===== Record extracts
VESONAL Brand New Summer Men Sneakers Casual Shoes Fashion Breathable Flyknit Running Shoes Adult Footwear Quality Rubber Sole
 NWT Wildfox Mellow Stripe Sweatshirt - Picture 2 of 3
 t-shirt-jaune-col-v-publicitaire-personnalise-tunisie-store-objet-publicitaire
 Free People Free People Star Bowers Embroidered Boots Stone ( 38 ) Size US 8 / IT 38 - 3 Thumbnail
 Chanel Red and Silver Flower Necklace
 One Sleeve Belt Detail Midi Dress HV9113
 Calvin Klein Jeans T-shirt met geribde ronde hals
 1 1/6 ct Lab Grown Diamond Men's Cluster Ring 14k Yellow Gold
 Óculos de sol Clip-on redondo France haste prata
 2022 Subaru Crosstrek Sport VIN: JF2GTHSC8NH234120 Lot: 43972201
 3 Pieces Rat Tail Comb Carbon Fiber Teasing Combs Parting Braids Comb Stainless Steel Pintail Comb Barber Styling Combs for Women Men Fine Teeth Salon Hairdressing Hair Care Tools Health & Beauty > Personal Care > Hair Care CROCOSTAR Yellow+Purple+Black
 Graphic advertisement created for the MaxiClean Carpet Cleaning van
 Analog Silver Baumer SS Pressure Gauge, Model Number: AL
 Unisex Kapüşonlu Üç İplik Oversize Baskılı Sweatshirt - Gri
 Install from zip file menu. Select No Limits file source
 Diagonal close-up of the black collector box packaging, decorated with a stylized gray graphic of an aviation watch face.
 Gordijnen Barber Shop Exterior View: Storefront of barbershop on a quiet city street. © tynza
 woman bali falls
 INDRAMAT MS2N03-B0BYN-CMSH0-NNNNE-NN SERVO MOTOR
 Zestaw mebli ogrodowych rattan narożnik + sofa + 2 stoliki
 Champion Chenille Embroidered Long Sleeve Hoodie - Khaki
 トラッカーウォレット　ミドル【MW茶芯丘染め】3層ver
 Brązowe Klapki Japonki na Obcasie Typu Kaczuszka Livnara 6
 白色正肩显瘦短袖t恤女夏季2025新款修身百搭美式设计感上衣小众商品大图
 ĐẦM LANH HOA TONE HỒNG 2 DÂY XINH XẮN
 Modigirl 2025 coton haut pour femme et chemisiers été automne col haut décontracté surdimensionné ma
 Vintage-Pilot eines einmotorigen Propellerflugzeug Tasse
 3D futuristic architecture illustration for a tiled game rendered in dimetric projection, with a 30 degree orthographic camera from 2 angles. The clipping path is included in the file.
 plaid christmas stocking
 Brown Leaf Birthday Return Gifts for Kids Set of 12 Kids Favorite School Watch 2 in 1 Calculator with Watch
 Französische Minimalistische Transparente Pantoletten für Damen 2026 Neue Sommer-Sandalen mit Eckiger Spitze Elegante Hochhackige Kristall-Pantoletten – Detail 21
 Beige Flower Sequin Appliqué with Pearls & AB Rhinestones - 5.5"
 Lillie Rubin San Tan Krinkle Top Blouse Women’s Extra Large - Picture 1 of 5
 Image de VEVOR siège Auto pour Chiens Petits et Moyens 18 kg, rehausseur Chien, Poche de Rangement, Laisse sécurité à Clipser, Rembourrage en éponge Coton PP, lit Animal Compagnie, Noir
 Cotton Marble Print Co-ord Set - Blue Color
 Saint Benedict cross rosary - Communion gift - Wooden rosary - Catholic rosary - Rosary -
==========
The problem ▸
Pull out every line holding "Sleeve" from the records above, and copy it.

Result for this task ▸
 One Sleeve Belt Detail Midi Dress HV9113
 Champion Chenille Embroidered Long Sleeve Hoodie - Khaki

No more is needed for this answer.